§ **WORK TO BE COMPLETED**:
In the records below, reproduce exactly the lines from the one containing "Chequers Suites Subic" through the one containing "Building Photo - Four", both included, and omit the pictures.

§ **LISTED ENTRIES**:
+---+

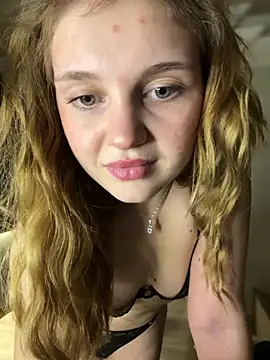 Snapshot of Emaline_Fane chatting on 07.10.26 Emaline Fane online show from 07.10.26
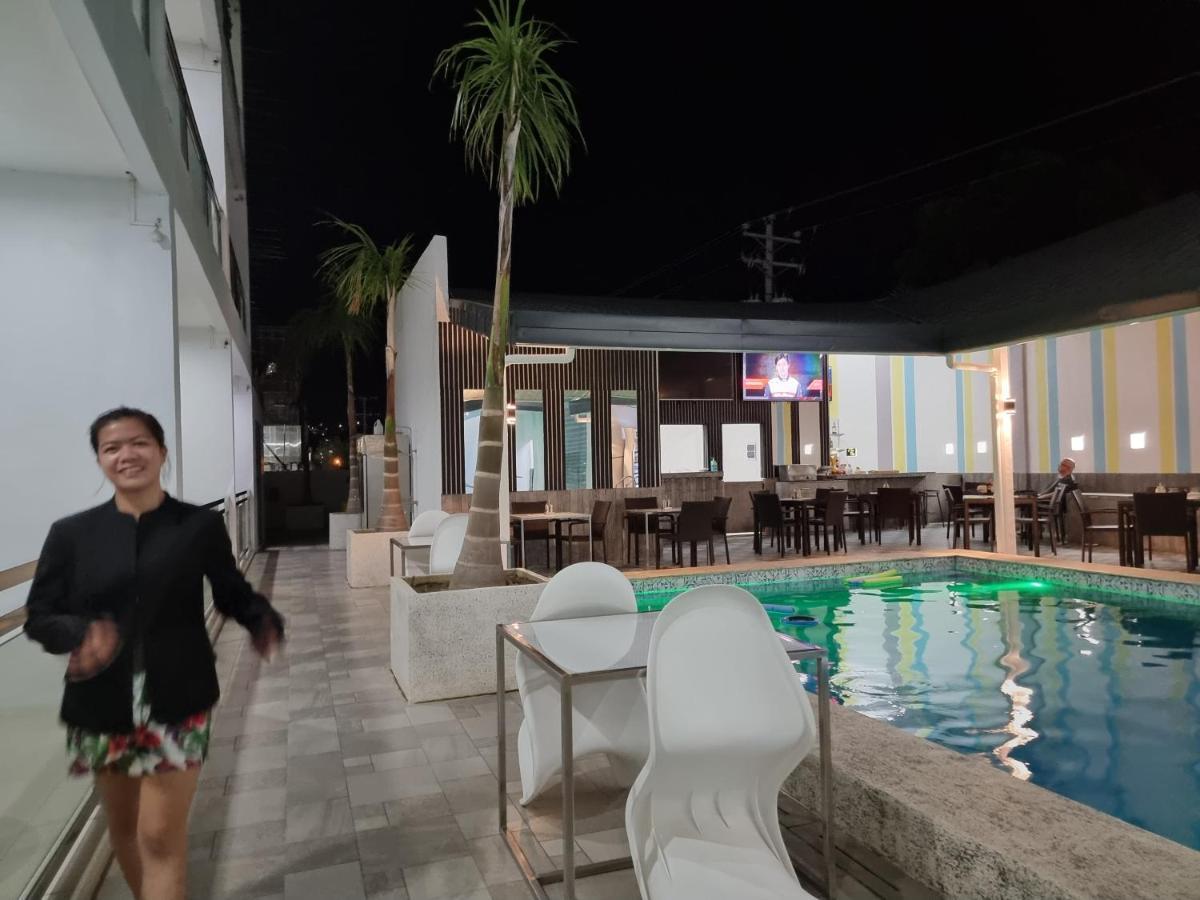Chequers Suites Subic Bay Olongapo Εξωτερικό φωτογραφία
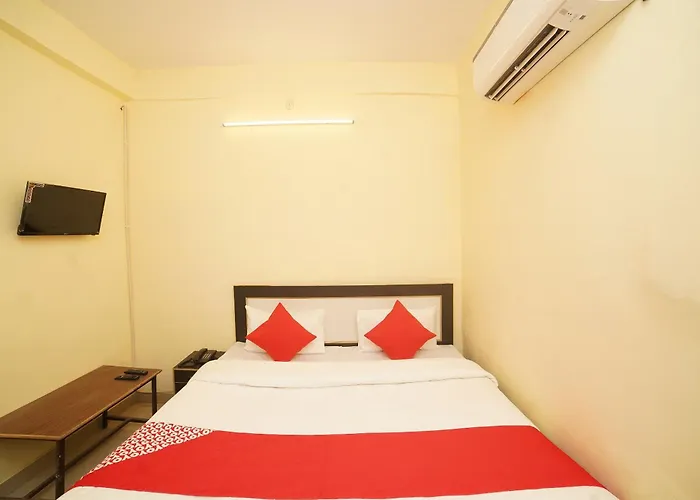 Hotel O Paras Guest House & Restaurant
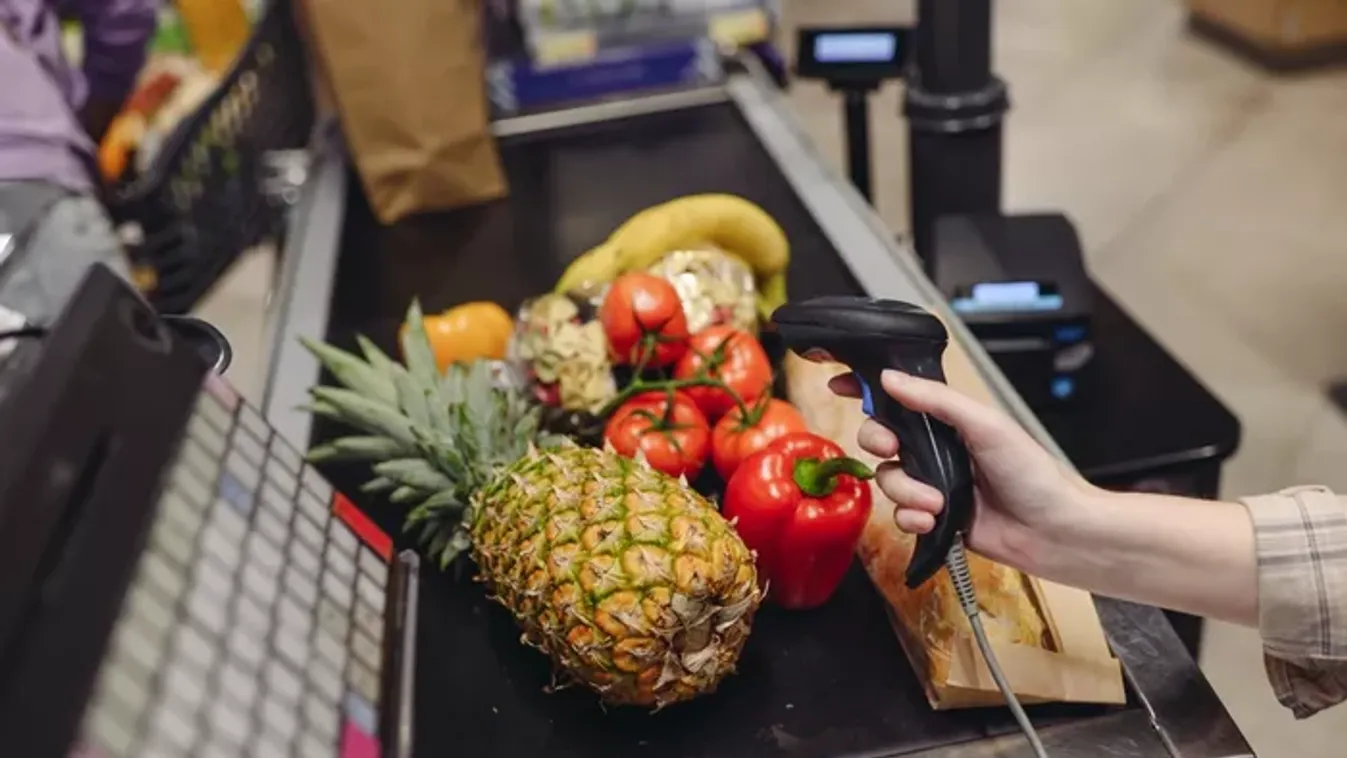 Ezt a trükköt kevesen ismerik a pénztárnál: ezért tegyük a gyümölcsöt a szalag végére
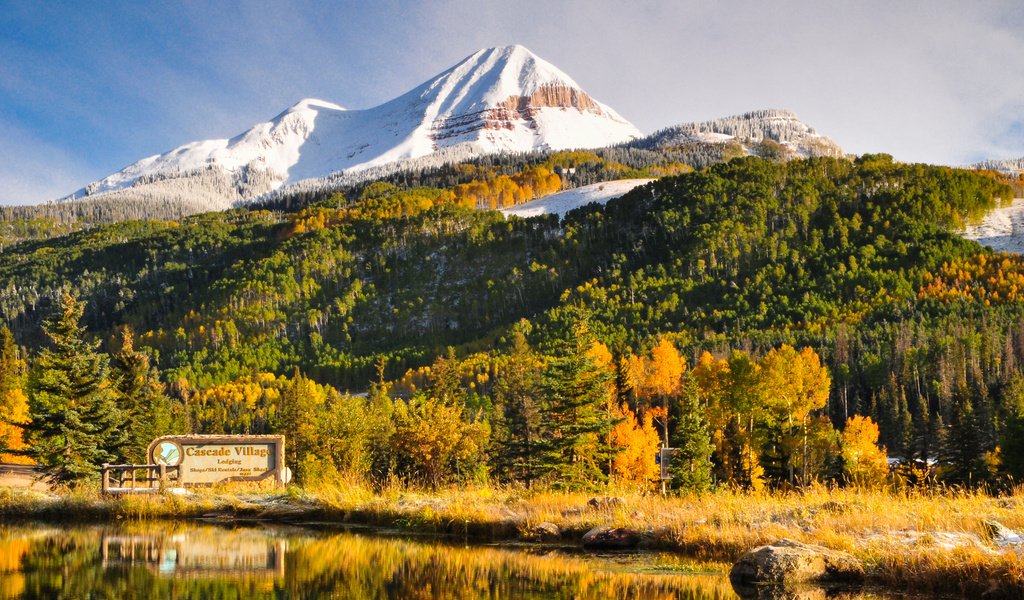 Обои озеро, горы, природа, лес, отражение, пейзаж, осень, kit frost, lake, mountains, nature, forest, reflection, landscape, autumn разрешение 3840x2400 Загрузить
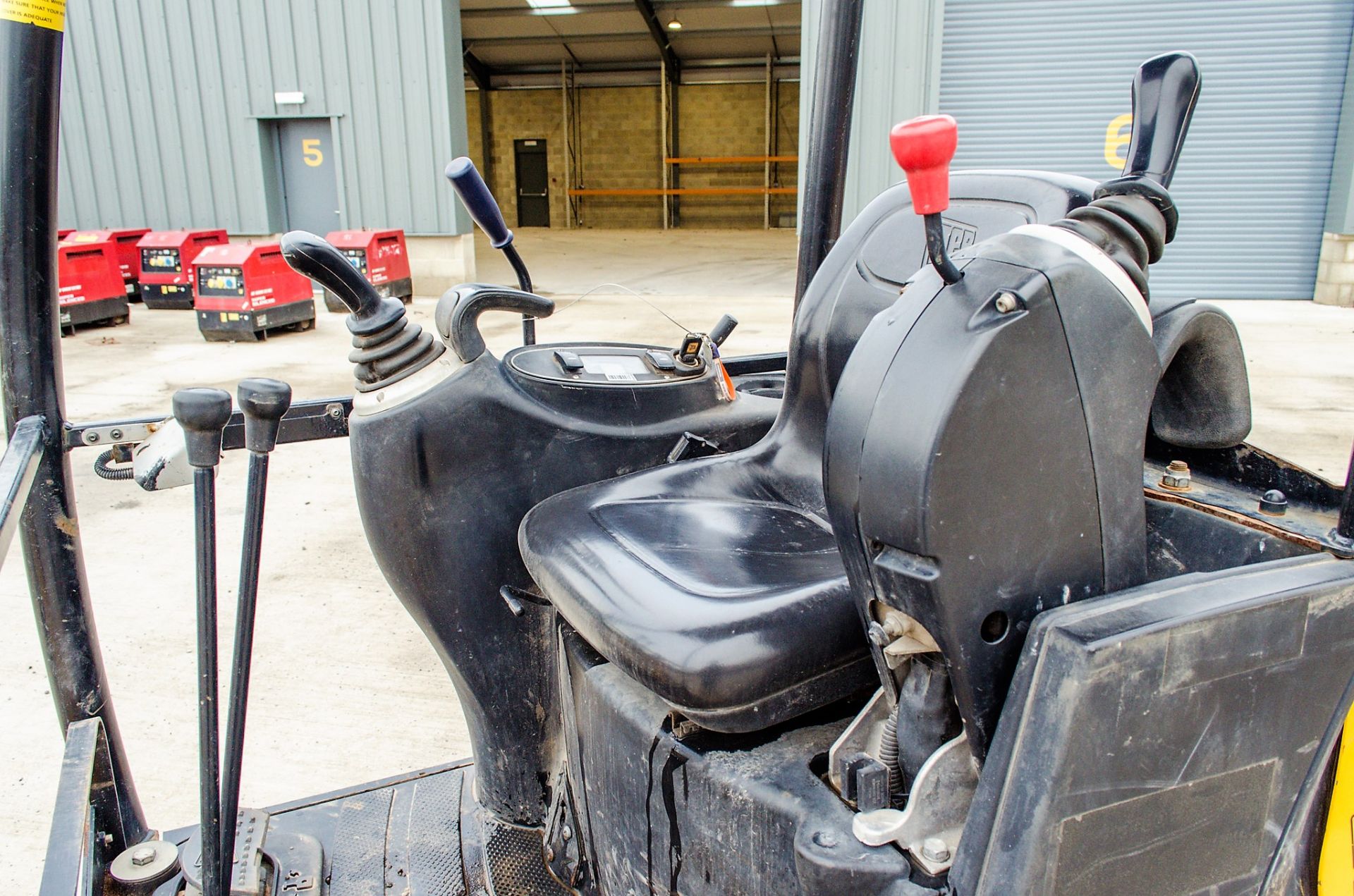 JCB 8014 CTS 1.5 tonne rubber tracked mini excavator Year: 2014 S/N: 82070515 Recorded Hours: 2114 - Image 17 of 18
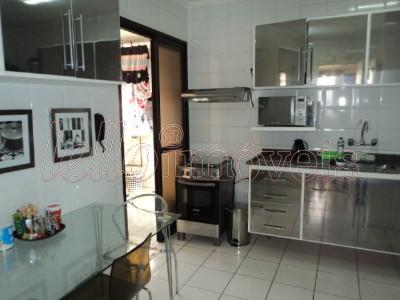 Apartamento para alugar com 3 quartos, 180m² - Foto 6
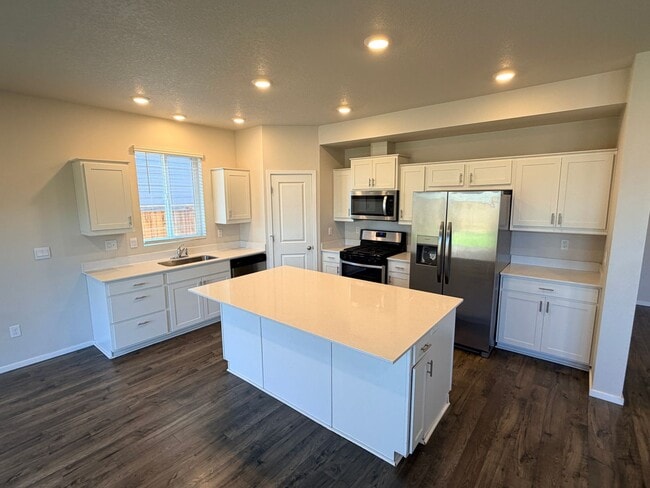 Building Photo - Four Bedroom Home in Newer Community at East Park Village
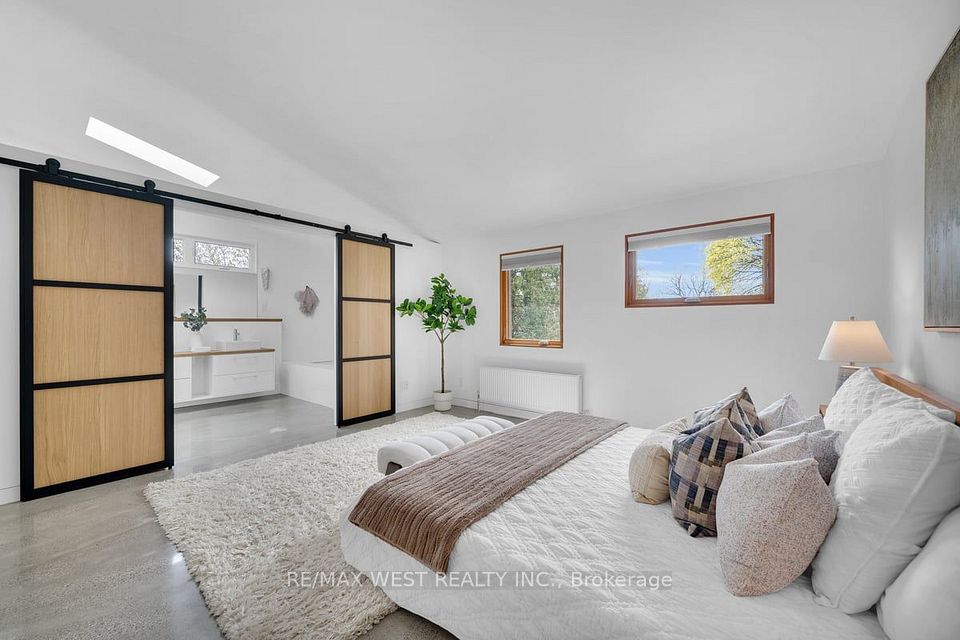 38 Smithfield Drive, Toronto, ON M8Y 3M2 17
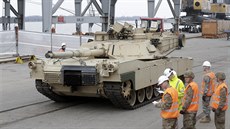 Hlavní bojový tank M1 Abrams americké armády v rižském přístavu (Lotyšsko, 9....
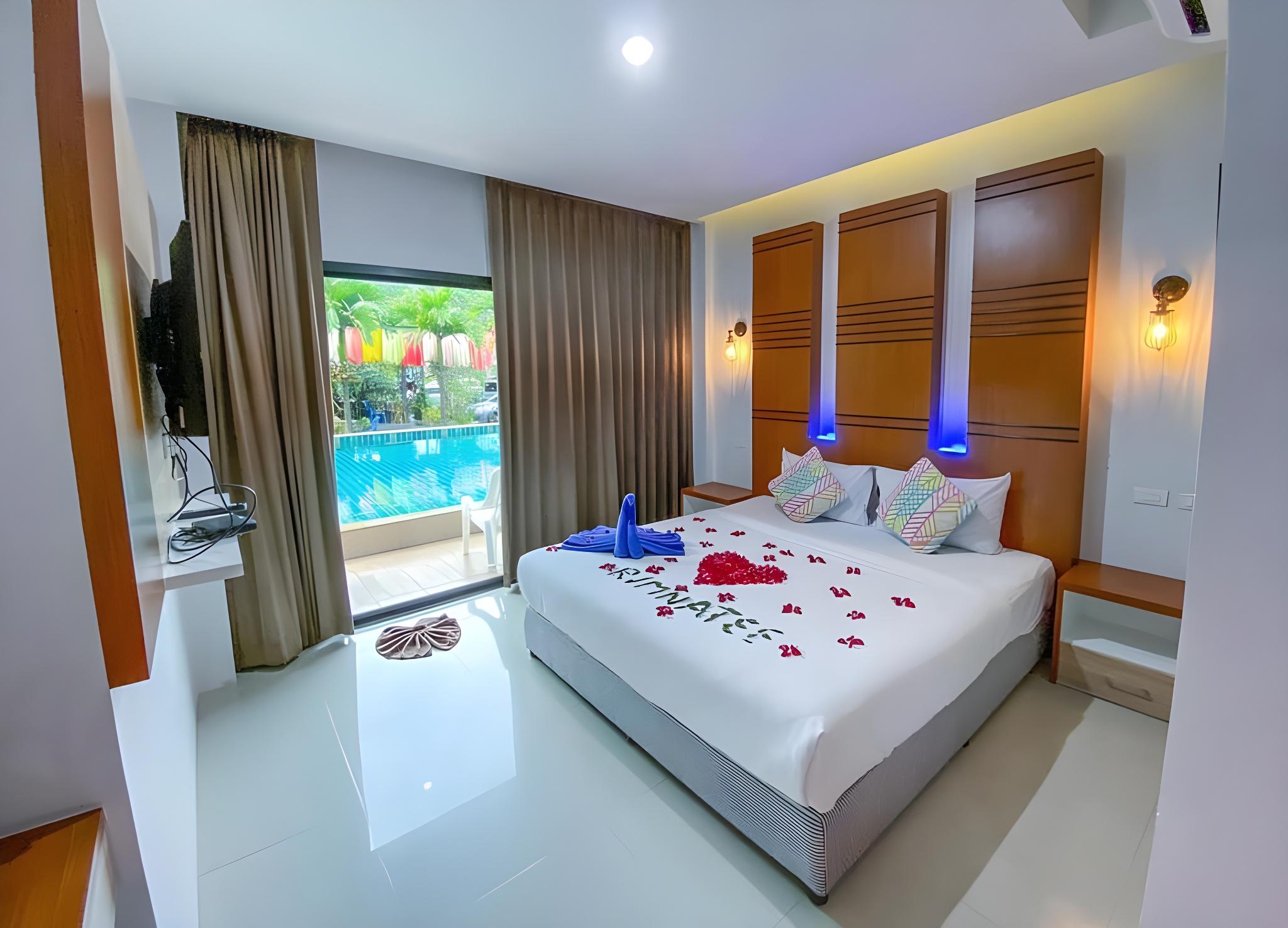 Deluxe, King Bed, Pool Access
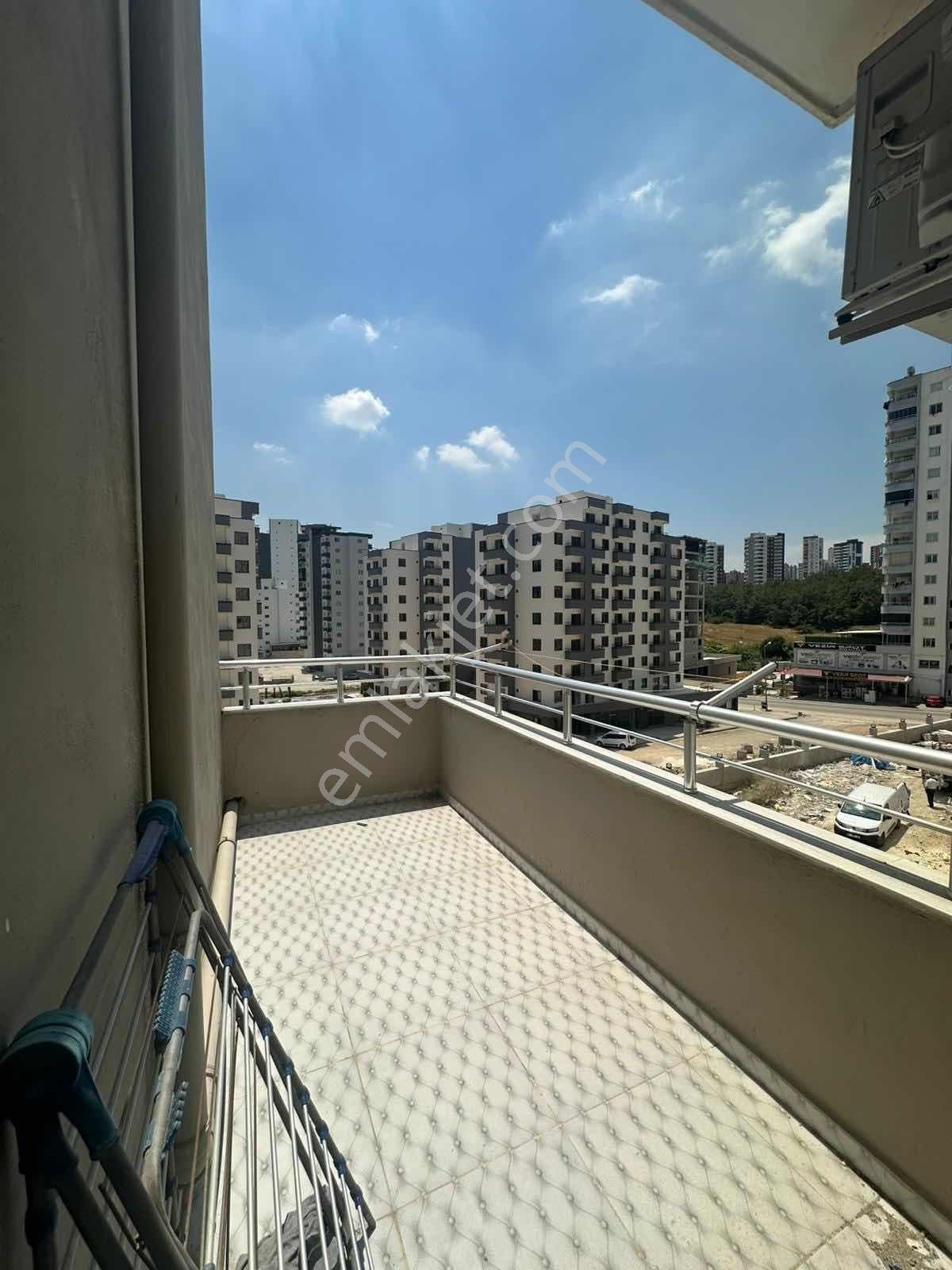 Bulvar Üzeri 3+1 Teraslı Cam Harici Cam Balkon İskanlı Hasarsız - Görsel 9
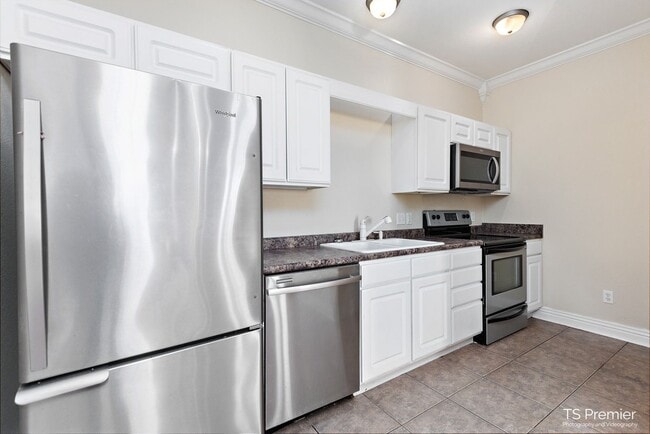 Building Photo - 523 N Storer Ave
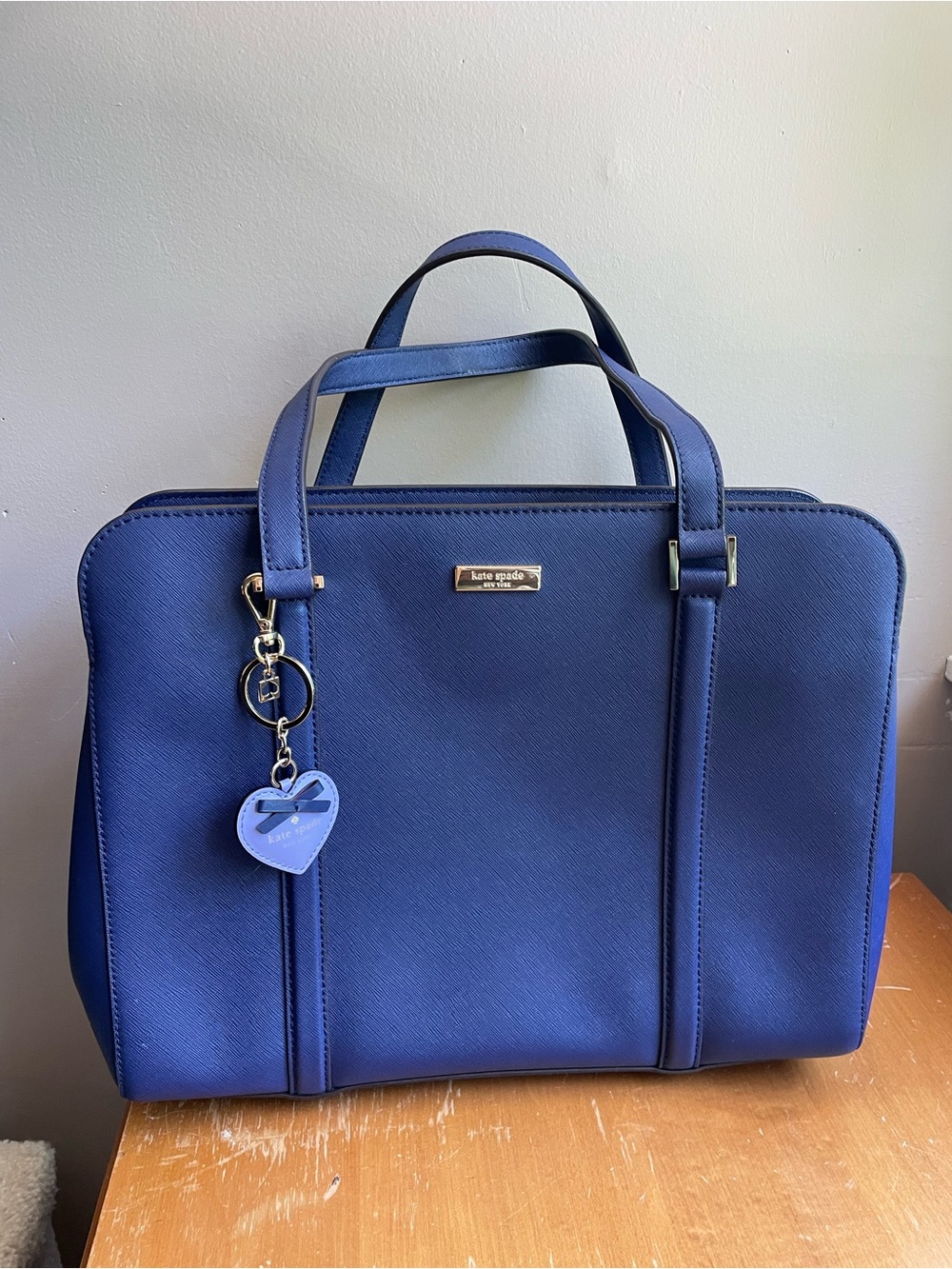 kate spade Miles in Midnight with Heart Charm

+---+

§ **EXERCISE ANSWER**:
Chequers Suites Subic Bay Olongapo Εξωτερικό φωτογραφία
 Hotel O Paras Guest House & Restaurant
 Ezt a trükköt kevesen ismerik a pénztárnál: ezért tegyük a gyümölcsöt a szalag végére
 Обои озеро, горы, природа, лес, отражение, пейзаж, осень, kit frost, lake, mountains, nature, forest, reflection, landscape, autumn разрешение 3840x2400 Загрузить
 JCB 8014 CTS 1.5 tonne rubber tracked mini excavator Year: 2014 S/N: 82070515 Recorded Hours: 2114 - Image 17 of 18
 Apartamento para alugar com 3 quartos, 180m² - Foto 6
 Building Photo - Four Bedroom Home in Newer Community at East Park Village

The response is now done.